Will Private Health Insurance Survive ObamaCare?
The health care bills now pending in congress require insurance companies to cover people with pre-existing conditions. In the industry this is called “guaranteed issue.”
To a large extent guaranteed issue is already in effect. A 1996 federal law, the Health Insurance Portability and Accountability Act (HIPAA), requires guaranteed issue for employee groups. Several states also require insurance companies to comply with guaranteed issue for individual policies.
Politicians wanted the credit for caring for uninsured sick people but didn’t want the blame for higher taxes that would be required if government provided that care. So they came up with guaranteed issue, making insurance companies the de facto tax collectors, by forcing them to raise premiums for everyone to cover the costs of insuring people who are already sick.
The rapid rise in the cost of health insurance in recent years coincides with implementation of guaranteed issue requirements.
A consequence of guaranteed issue is the incentive for people to delay buying insurance until they get sick, when they can plunk down one month’s premium to become “covered.” Even politicians can understand that the insurance business won’t pencil out, and eventually will cease to exist, if enough people take advantage of this loophole.
Thus, both House and Senate health care bills also include “individual mandate,” that requires everyone to buy health insurance, on penalty of fines and even jail time.
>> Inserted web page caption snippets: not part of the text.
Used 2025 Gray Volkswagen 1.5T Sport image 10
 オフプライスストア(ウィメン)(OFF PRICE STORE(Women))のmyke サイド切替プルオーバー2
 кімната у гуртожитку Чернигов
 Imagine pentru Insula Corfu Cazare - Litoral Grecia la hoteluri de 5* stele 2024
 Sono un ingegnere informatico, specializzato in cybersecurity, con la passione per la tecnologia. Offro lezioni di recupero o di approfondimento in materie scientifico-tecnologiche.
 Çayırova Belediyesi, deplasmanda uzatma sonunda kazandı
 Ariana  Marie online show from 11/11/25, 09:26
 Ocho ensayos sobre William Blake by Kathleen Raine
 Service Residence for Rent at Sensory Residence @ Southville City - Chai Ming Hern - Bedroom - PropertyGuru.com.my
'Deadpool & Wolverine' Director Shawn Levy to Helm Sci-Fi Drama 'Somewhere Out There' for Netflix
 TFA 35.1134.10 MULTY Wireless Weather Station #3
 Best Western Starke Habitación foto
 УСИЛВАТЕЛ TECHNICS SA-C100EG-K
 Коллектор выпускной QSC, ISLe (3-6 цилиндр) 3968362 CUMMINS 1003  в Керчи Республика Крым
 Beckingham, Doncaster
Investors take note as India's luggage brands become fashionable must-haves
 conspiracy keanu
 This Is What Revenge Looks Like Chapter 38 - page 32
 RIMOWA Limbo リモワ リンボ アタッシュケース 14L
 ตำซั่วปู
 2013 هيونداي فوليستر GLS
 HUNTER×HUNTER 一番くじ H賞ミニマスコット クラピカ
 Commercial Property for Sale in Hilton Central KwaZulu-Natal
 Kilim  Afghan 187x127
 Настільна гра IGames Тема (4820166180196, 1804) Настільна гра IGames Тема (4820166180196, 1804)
Last week Senate leaders admitted they didn’t have enough votes to pass their health care bill if it includes a so-called public option, or a government owned and operated insurance company. As a result, the hard core government health care supporters on the left are demanding that the individual mandate be removed from the legislation.
These folks don’t mind forcing people to buy insurance, as long as a government owned option is available. But in their alternative reality, where government is “good” and private companies are “bad,” forcing people to buy private insurance is unacceptable.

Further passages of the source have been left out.